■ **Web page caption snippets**
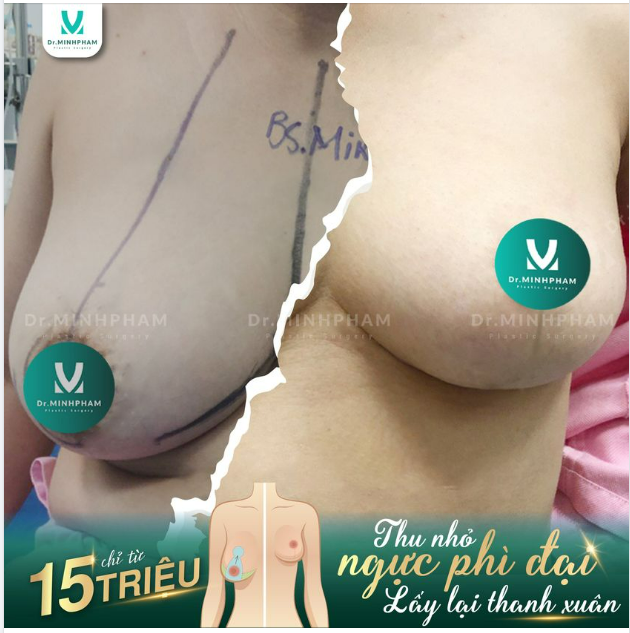Phương pháp xử lý V1 phì đại - Kĩ thuật độc quyền từ Dr. Minh Phạm
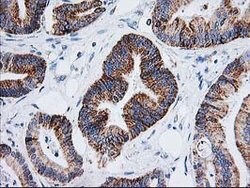 AK4 Mouse anti-Canine, Human, Mouse, Rat, Clone: OTI3B1, lyophilized, TrueMAB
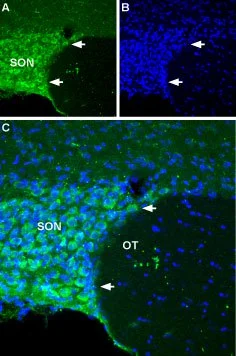 IHC-Fr analysis of rat hypothalamus tissue using GTX54808 NALCN antibody. Panel A : NALCN (green) appears in the supra-optic nucleus (SON). Panel B : DAPI is used as the counterstain (blue). White arrows point at the sharp border between the SON and optic tract (OT). Panel C : Merged images of A and B. IHC-Fr analysis of rat hypothalamus tissue using GTX54808 NALCN antibody. Panel A : NALCN (green) appears in the supra-optic nucleus (SON). Panel B : DAPI is used as the counterstain (blue). White arrows point at the sharp border between the SON and optic tract (OT). Panel C : Merged images of A and B.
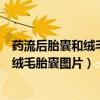 藥流后胎囊和絨毛都排出來(lái)了就是流產(chǎn)成功了嗎（藥流排出絨毛胎囊圖片）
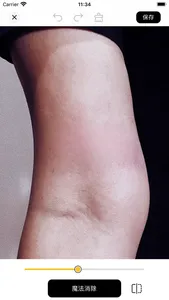 Bear Eraser - AI Remove Object screenshot 3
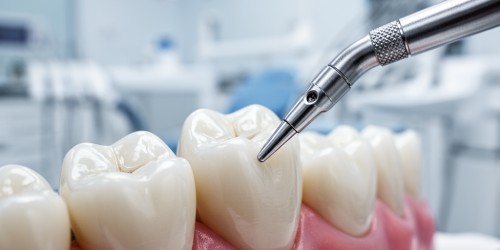 Canal Dentário: Quando é Indicado?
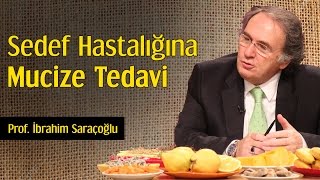 Sedef Hastalığına Mucize Tedavi  Prof İbrahim Saraçoğlu [upl. by Erialb328]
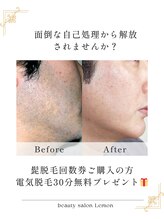 ビューティーサロンレモン(Lemon)/髭脱毛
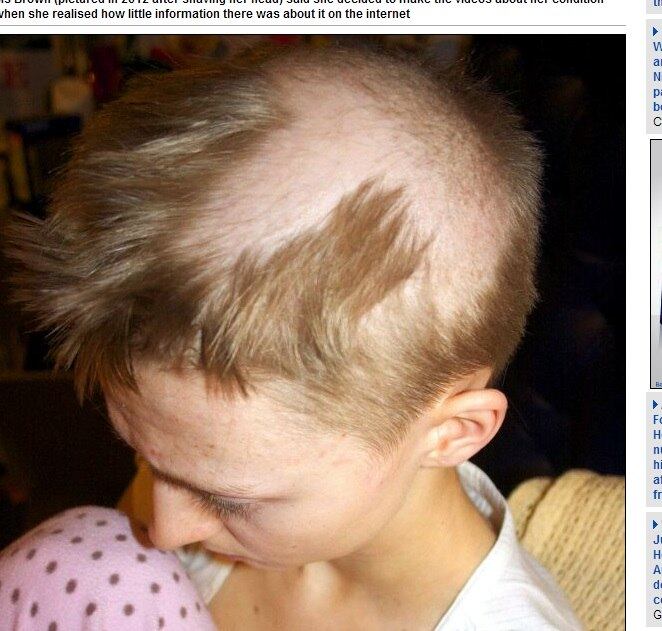 O hábito de puxar os fios de cabelo deformou a aparência da estudante
Rebecca Brown, de 20 anos. A “mania” começou aos 12 anos e a quantidade
de cabelo foi reduzindo até ela ficar quase careca. A jovem não sabia que sofria de uma doença chamada tricotilomania — transtorno psicológico que faz com que a pessoa arranque fios de cabelo para controlar a ansiedade e o estresse

Alisamento do cabelo: frequência do uso de formol é proporcional ao risco de câncer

■ **WHAT YOU ARE ASKED TO DO**
The stretch to restate runs from the line above containing "Sedef Hastalığına Mucize" through the line containing "Rebecca Brown, de". Copy it word for word, ends included, without pictures.

■ **RESULT**
 Sedef Hastalığına Mucize Tedavi  Prof İbrahim Saraçoğlu [upl. by Erialb328]
 ビューティーサロンレモン(Lemon)/髭脱毛
 O hábito de puxar os fios de cabelo deformou a aparência da estudante
Rebecca Brown, de 20 anos. A “mania” começou aos 12 anos e a quantidade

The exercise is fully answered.